### What the task asks
The printed result should hold only the lines from the opening of the data through the line bearing "Hi everyone, welcome", exactly as given and without pictures.

### Data records
((

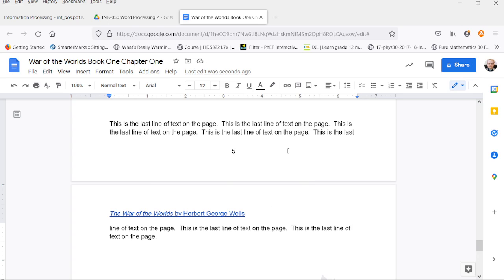So we cannot control widows and orphans in Google Docs. It happens automatically in the background, whether we want it to or not.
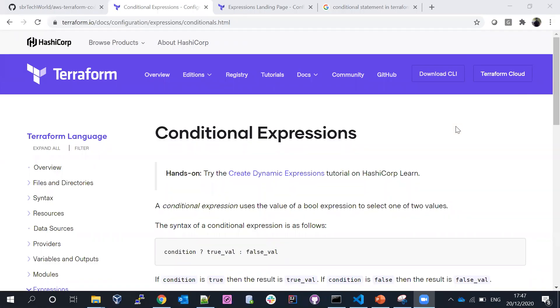Hi everyone, welcome back to my channel. This session we are going to discuss about conditional expressions in Terraform. Let me see the example before going to the practical.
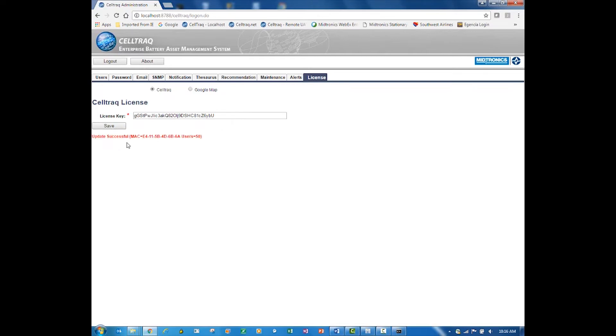Here is where you would copy and paste that license key that Medtronics sent you back, and then just hit Save. It'll tell you it was successful if you had that correct MAC address. It'll recognize that it belongs to that machine and tell you it was successful for the MAC address and the number of users that you purchased.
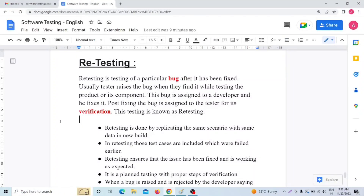Hello everyone. Today in this video I am going to discuss about what is retesting in software testing. In my previous video I have already discussed about what is regression testing, and now today I am going to discuss about what is retesting. Before giving you all the details, I want to give you one very basic example so that you will better understand what exactly retesting is.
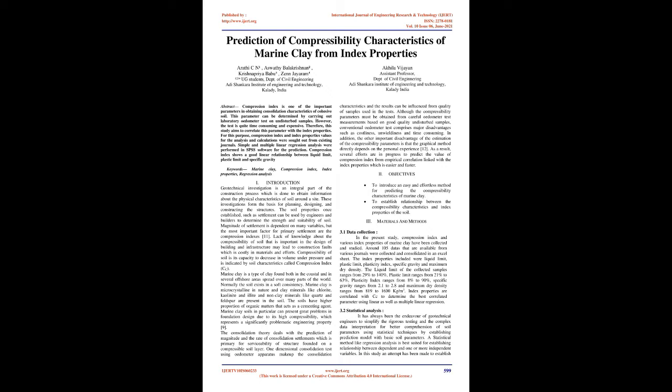The consolidation theory deals with the prediction of magnitude and the rate of consolidation settlements which is primary for serviceability of structure founded on a compressible soil layer. One-dimensional consolidation test using odometer apparatus make up the consolidation characteristics and the results can be influenced from quality of samples used in the tests. Although the compressibility parameters must be obtained from careful odometer test measurements based on good quality undisturbed samples, conventional odometer test comprises major disadvantages such as costliness, unwieldiness, and time-consuming. In addition, the other important disadvantage of the estimation of the compressibility parameters is that the graphical method directly depends on the personal experience.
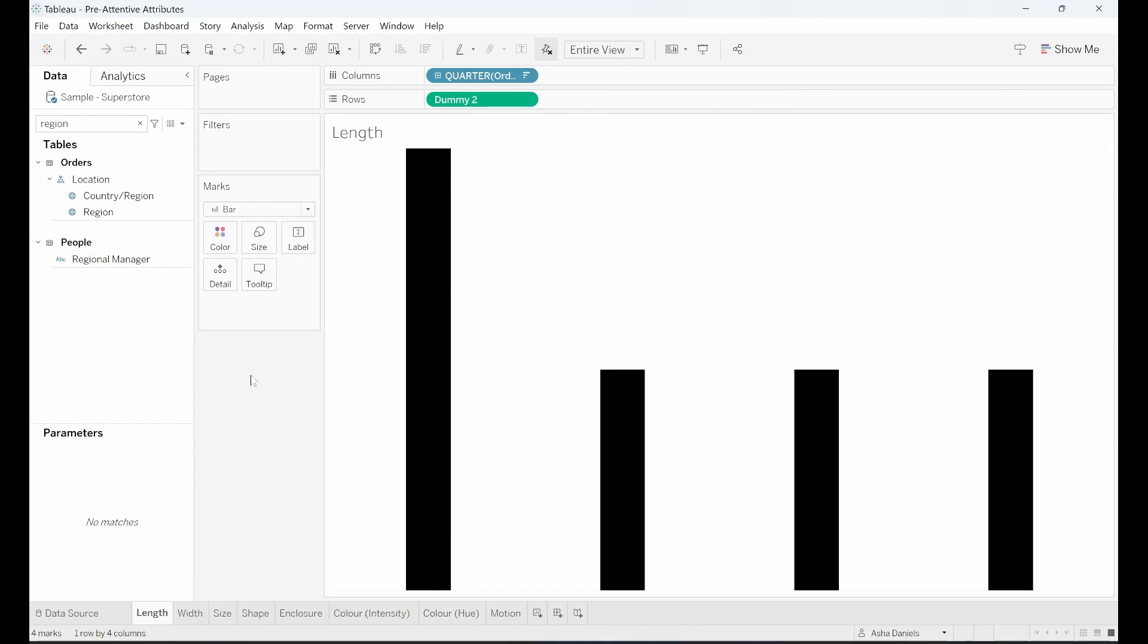The first pre-attentive attribute we're going to talk about is length. Picture this, the longer things catch our eye. Whether it's a lengthy line or a towering skyscraper, our brain notices the elongated elements first.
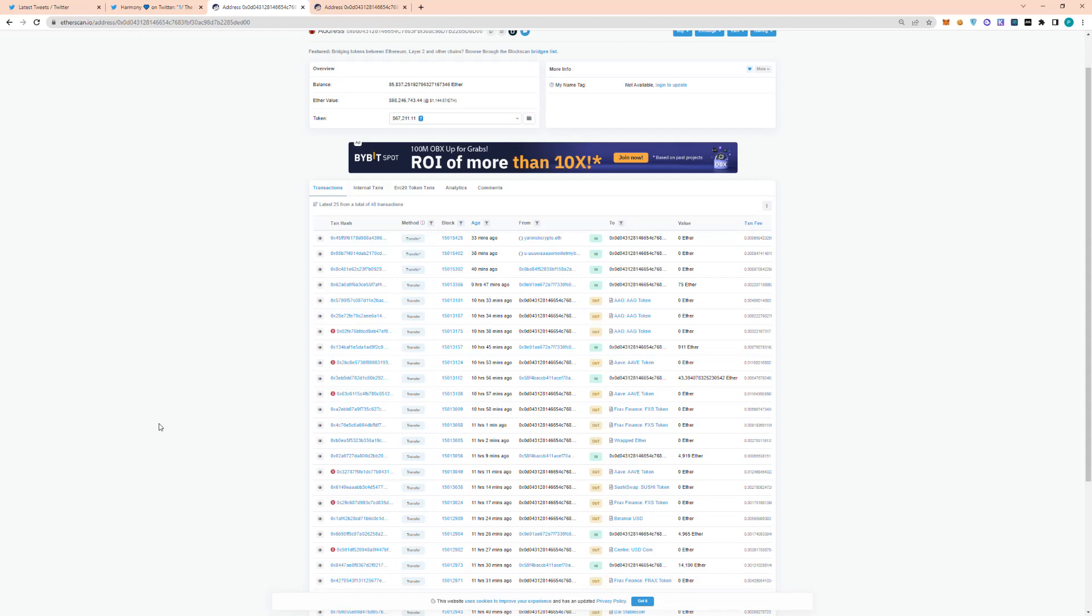So just this morning, the Horizon Bridge on the Harmony One Network got exploited. I have the hacker's Ethereum address pulled up here on EtherScan. And as you can see, they have stolen an extremely large amount.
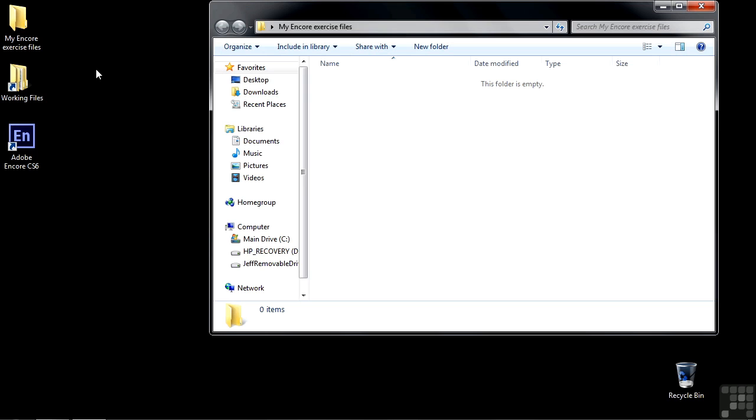You'll do some work, save your work inside here, and then when you finish a project, you can simply delete it from here. You don't necessarily need to keep it.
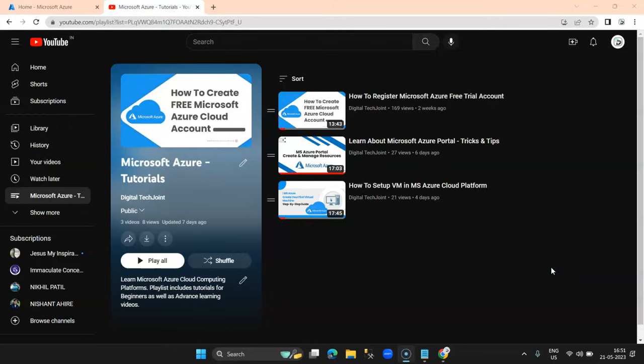Hi guys, welcome to Digital Tech Joy. I hope everybody is doing good and enjoying the videos uploaded on my channel. In this series tutorial, I'm going to show you how to deploy your ASP.NET application on Microsoft Azure platform. We have already started this series and this is the fourth video on Microsoft Azure, where we will do a simple deployment of an ASP.NET application on Azure.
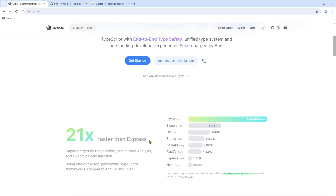Hello everybody! Today in this video we are going to learn Elysia.js, which is 21x faster than Express. If you don't know what Elysia is, it is a Bun framework, and Bun.js is an alternative to Node.js. Bun.js is very fast and lightweight, so you can build your REST API very easily. If you take a look at the comparison between Express.js and Elysia or any other framework, you'll wonder how much faster Elysia is.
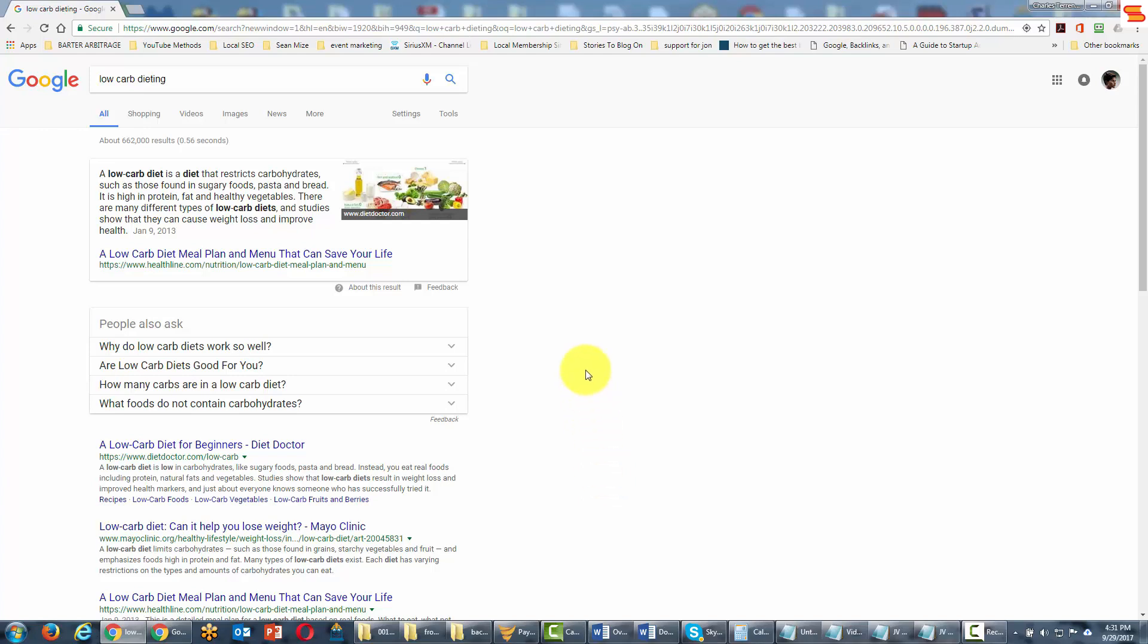Welcome back. Typically when we use hyperlinks on the web, we will use a word and then use that word to mask the link going back to a specific page. That's typically called anchor text.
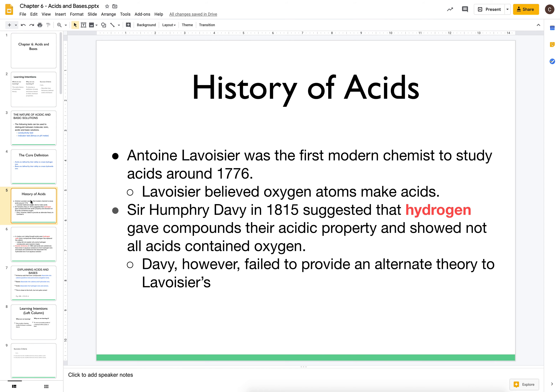The very first modern chemist to try and understand acids and bases was Anton Lavoisier. What he believed was that it was oxygen atoms that made chemicals acidic, and this was around 1776 that he published this idea.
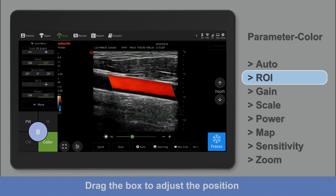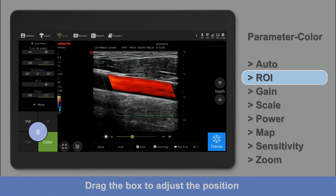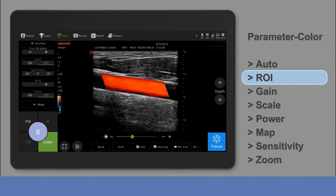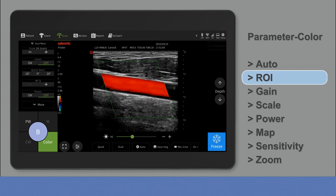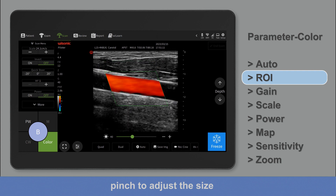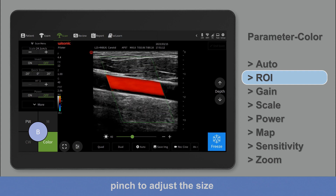Drag the box to adjust the position. Pinch to adjust the size.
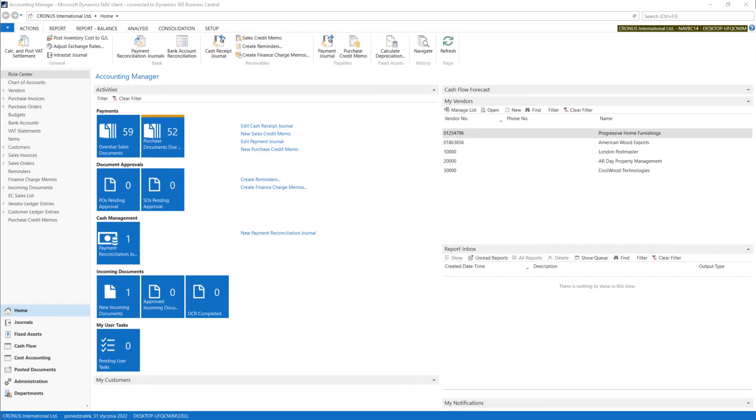In Business Central you can change almost every element that you can see on the logging screen. We can start from the left side menu.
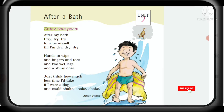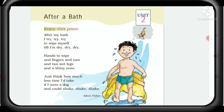Now I am explaining in English. In this poem the child is telling what he does after taking a bath. He tells he wipes himself till he becomes completely dried.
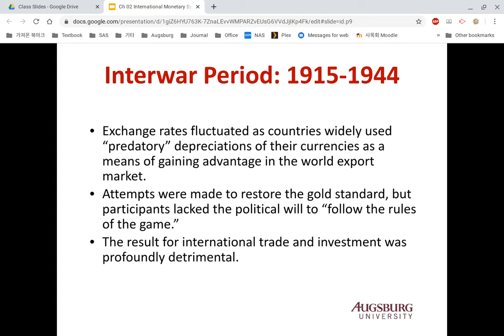An even more serious problem occurred with the Great Depression in 1929 and the resulting financial crisis. During the inter-war period, even though some countries tried to restore the gold standard system as a stabilizing mechanism, because they did not keep their international promises, it was simply impossible.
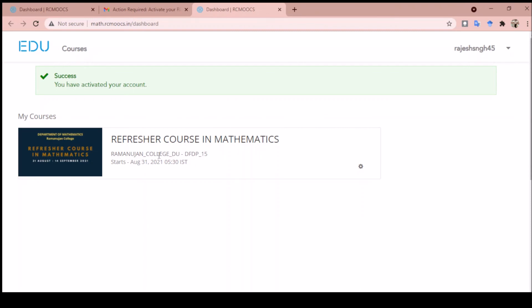Once this course starts, you can see this course. You are enrolled in this course right now. This is how you can register on this portal. Thank you everyone and have a nice and enriching journey in this refresher course.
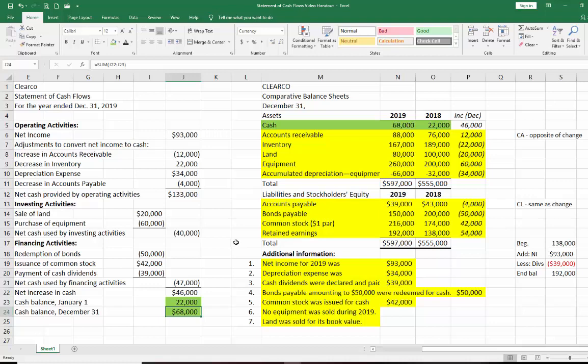If you had any significant non-cash financing or investing activities, those would be here at the bottom in a footnote. I hope you find this helpful. Feel free to go back and play it again if you need to. Thank you, and good luck in your accounting studies.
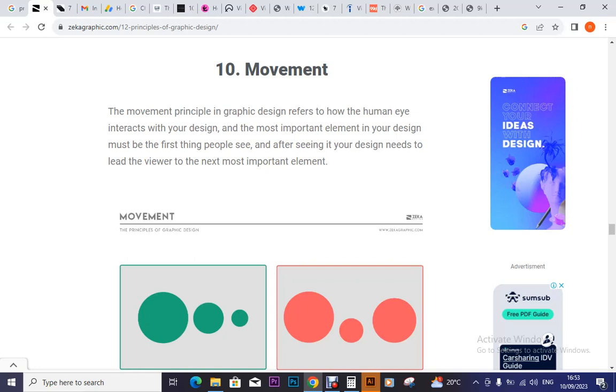Whenever you are designing something — whether in video, in a graphical way, or in motion graphics — always keep that in mind.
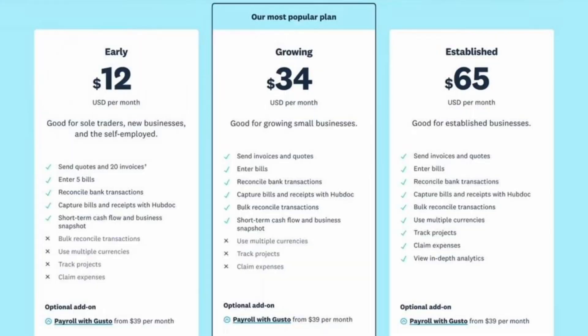Xero doesn't offer an absolutely free pricing plan, but the cheapest one starts from $12 per month, which is quite affordable. The most expensive plan costs $65 per month.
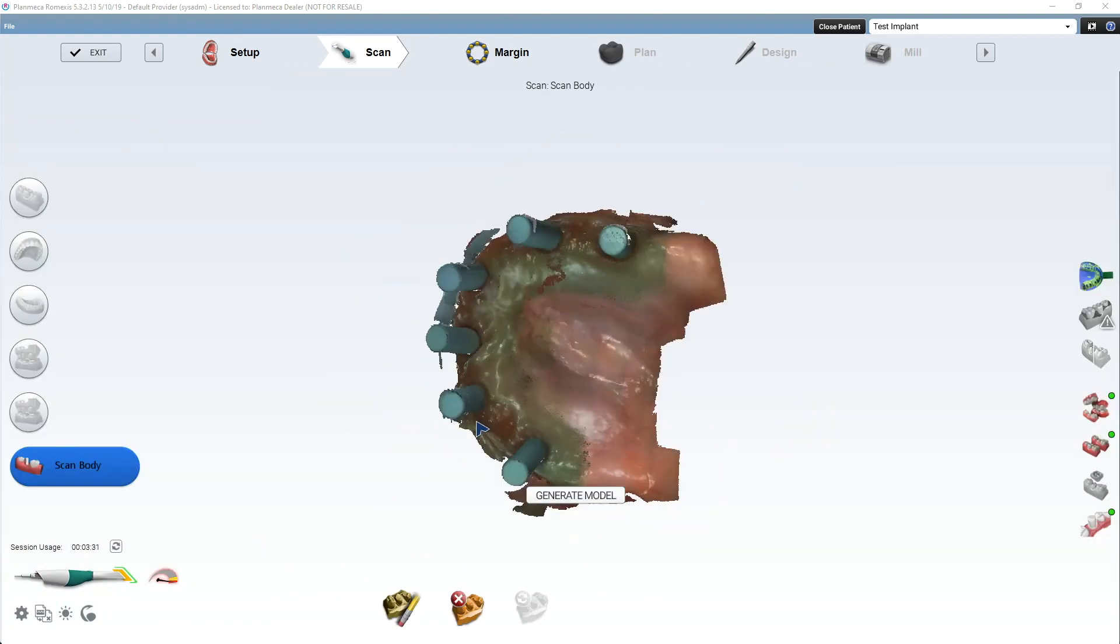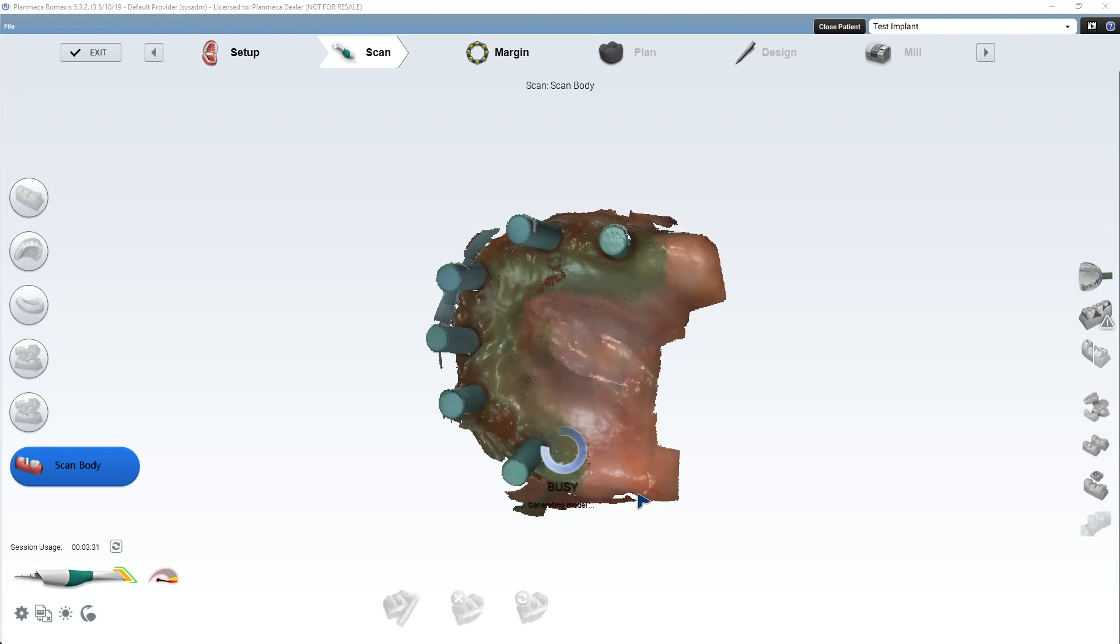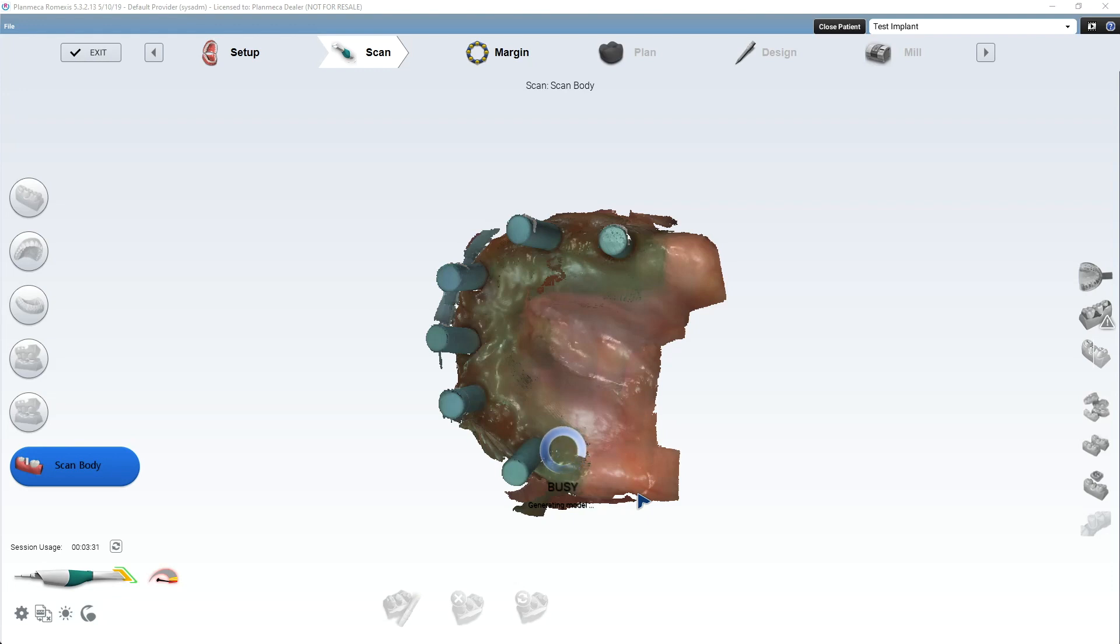So now everything's aligned. That scan body scan is aligned to the upper scan, which is aligned to the soft tissue scan, which is all aligned to the bite and space. So everything is kind of together. So I'll show you what I mean.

))

### Exercise answer
So we cannot control widows and orphans in Google Docs. It happens automatically in the background, whether we want it to or not.
Hi everyone, welcome back to my channel. This session we are going to discuss about conditional expressions in Terraform. Let me see the example before going to the practical.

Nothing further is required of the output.